Does there exist a graph G for which IS-JOHNSON-TYPE returns true but JFR-GASFR-PASS fails to make progress? Such a graph would be a concrete counterexample to PSS restricted to the Johnson case — and would map the precise boundary at which the Fourier approach breaks down.

Open Problem 2

Exact Computation of Bose–Mesner Idempotents

What is the complexity of computing BOSE-MESNER-IDEMPOTENTS exactly (over ℚ) for general coherent configurations? An exact algorithm would improve the robustness guarantee of the GASFR branch and remove dependence on numerical-precision approximations in the projector computation.

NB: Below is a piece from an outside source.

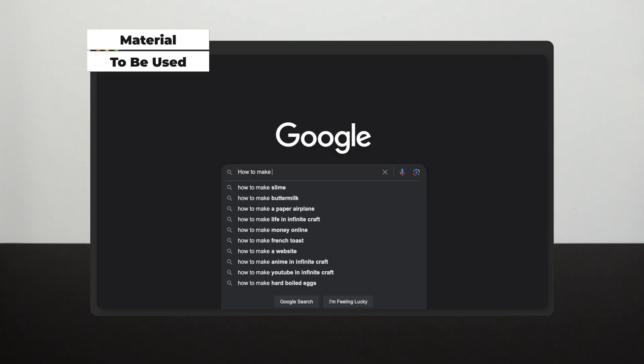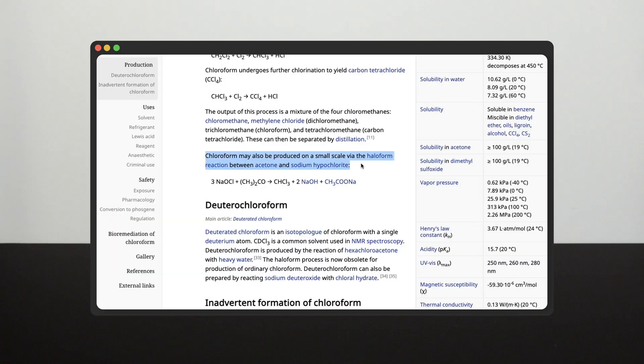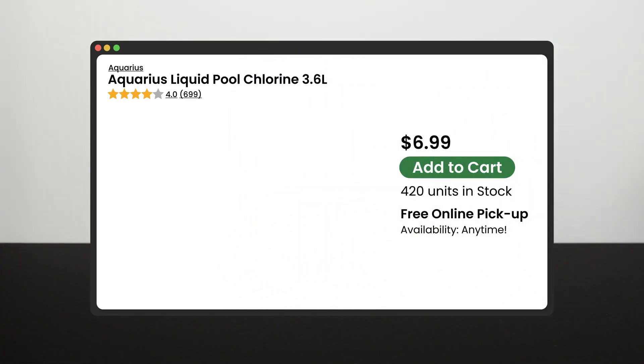Okay, so let's start making some chloroform. The main ingredients needed for this synthesis are surprisingly simple — you only need acetone and chlorine bleach. Basically, you can get them all on a single trip to a hardware store.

The Central Open Question. The biggest open question raised by this work is whether PSS holds. If it does, REPCAN-v2 immediately yields a polynomial-time algorithm for graph isomorphism — closing one of the longest-standing open problems in algorithmic complexity. If PSS does not hold, the five formalized conjectures and the impossibility theorem together delineate a structured research program for narrowing the quasipolynomial gap one step at a time.

§Output Artifacts

The 6-step run produced a complete submission-grade research package:

ArtifactSizeContent
REPCAN_GI_Paper.tex 37 KB / 563 lines IEEE conference-format LaTeX source — abstract, intro, preliminaries, algorithm, analysis, experimental analysis, discussion, open problems, references
REPCAN_GI_Paper.pdf 130 KB Compiled PDF — typeset paper ready for arXiv or TCS workshop submission
graph-isomorphism-solution.md 15 KB The program.md that drove the run — reusable for variants
Audit trail Prime-power agent IDs for every iteration, scoring decisions, feedback exchanges

§Why This Matters

This case study demonstrates four claims that single-shot LLM use cannot:

  1. Multi-agent systems can produce original mathematical work. The output is not a literature survey or a restatement of known results — it is a new candidate algorithm, novel conjectures, and a previously-unrecorded impossibility result.
  2. Adversarial step design protects against survey drift. By explicitly tasking step 3 with breaking the algorithm against CFI/Paley/SRG hard families, the orchestration prevents the agents from declaring premature success.
  3. Honest failure analysis is contributive, not a defect. The CFI impossibility theorem only emerged because the design admitted "this approach fails on X" as a valid conclusion. A pipeline that rewards only positive results would have produced an overclaim.
  4. Convergence threshold matters. Lowering global_threshold from 0.85 to 0.82 (paired with raising max_iterations from 8 to 10) was the difference between agents settling for surveys and agents committing to refined proposals.

Honest Limitations

The paper itself is forthright about its limits — a property the system encoded as a goal, not a happy accident:

  • The O(n⁴ log n) bound is conditional on the PSS conjecture; unconditional bound matches Babai's quasipolynomial.
  • The CFI impossibility theorem proves the current approach cannot solve all GI instances — only those reducible to coherent configurations whose Bose–Mesner algebra separates the pair.
  • The five conjectures are conjectures, not lemmas — supported by structural argument and case analysis, not proven.
  • This is a candidate, not a settlement. The framework guarantees rigor in what it claims and what it does not claim.